3x^2-(y+z)x+2(y-z)^2=0

since x<y<z.. therefore we get that minimum value for y-z is -1
so our eqn becomes 3x^2-(y+z)x+2=0

y+z should be the minimum sum of the number havin product as 6
therefore y+z=5... nd this implies y=2, z=3... therefore option (2) 3

there was this another thing i tried, but the answer comes out to be a lil different... i guess there is a mistake in one of the two methods... so jus correct me...
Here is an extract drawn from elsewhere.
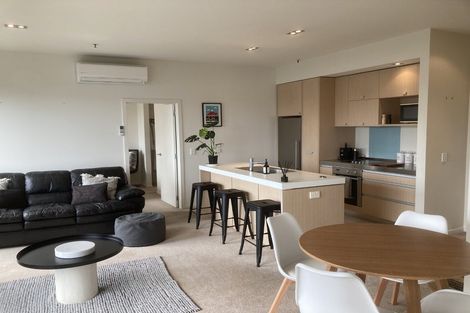 Photo of property in 22 Liardet Apartments, 203/22 Liardet Street, New Plymouth, 4310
the above eqn can be written as

2(y^2+z^2-2yz)-yx-zx+3x^2
differentiating the above eqn wrt z(for that matter even x or y)

we'll get 4z-4y-x=0
4(z-y)-x=0
min value for z-y=1
therefore x=4 nd z=6..

therefore option (5) none of these..

i know one of them is wrong, so i wanna know WHY they're wrong!!!???

[Aarav]

Quote:

Originally Posted by implex

226) Positive integers x and y satisfy 3x^2-8y^2+3(xy)^2=2008. Find yx^2

Implex 2008 is a BIG number and hence I might have made calculation error, as the equation fails for positive integers x, and y.

Check for my mistake.

x = (-3y^2 + root(9y^4 + 3.4.(8y^2+2008 ))/6

=> D = (3y^2+16)^2 + 3.32.251 - 32.8 => p^2 - 32.745 = a perfect square = q^2, where p is (3y^2+16).
Numbers (32, and 745) being of the form 3k+1, 3k+2 and they will retain this form with (16, 745.2) ..., we will get q to be div by 3 but subtracting 16 from it = 3y^2 doesn't yield any integer y.

[Varun Khullar]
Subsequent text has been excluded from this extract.